═══ Data under study

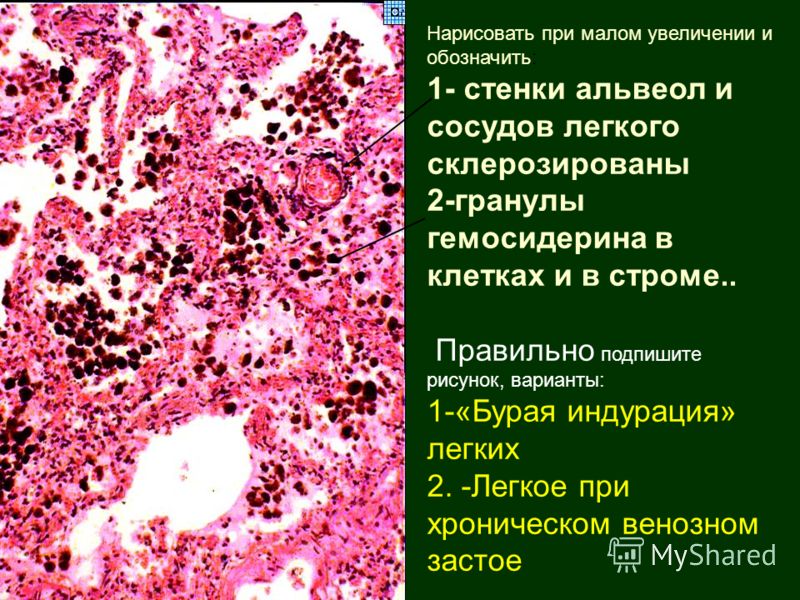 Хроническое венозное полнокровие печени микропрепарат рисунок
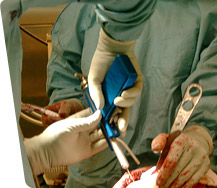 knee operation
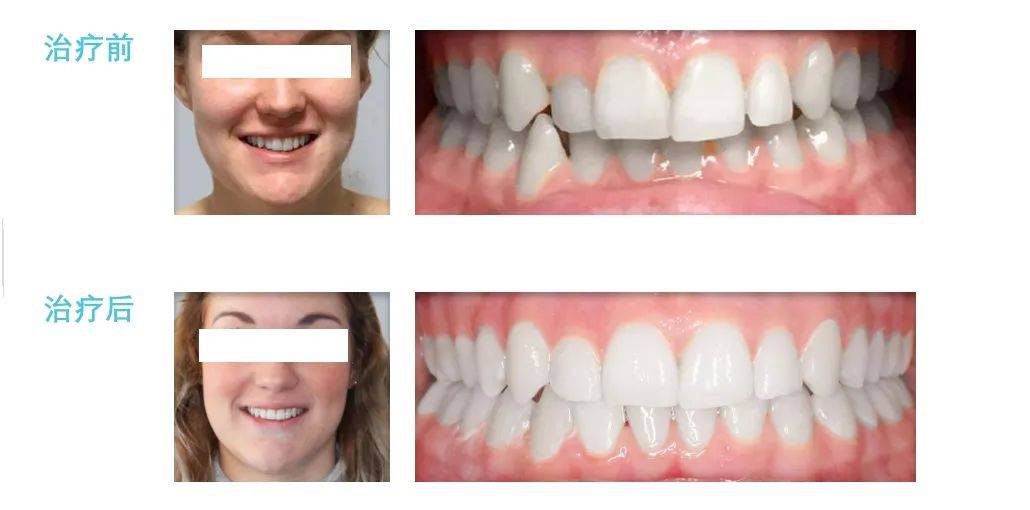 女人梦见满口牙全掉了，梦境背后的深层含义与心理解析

══════
═══ Data under study

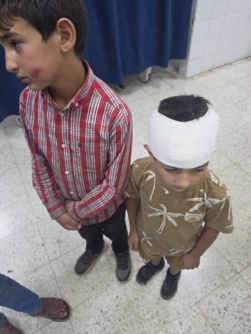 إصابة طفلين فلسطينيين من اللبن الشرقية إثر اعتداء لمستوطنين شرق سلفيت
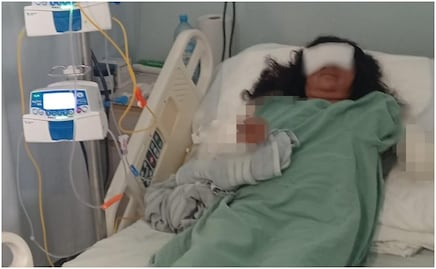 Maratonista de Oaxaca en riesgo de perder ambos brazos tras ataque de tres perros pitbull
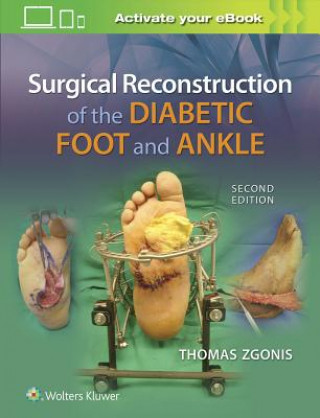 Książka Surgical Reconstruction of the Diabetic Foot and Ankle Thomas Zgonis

══════

• **Action item**: Reproduce exactly, with no pictures, the lines above from the one holding "Maratonista de Oaxaca" to the one holding "Książka Surgical Reconstruction", inclusive.

• **Worked solution**:
 Maratonista de Oaxaca en riesgo de perder ambos brazos tras ataque de tres perros pitbull
 Książka Surgical Reconstruction of the Diabetic Foot and Ankle Thomas Zgonis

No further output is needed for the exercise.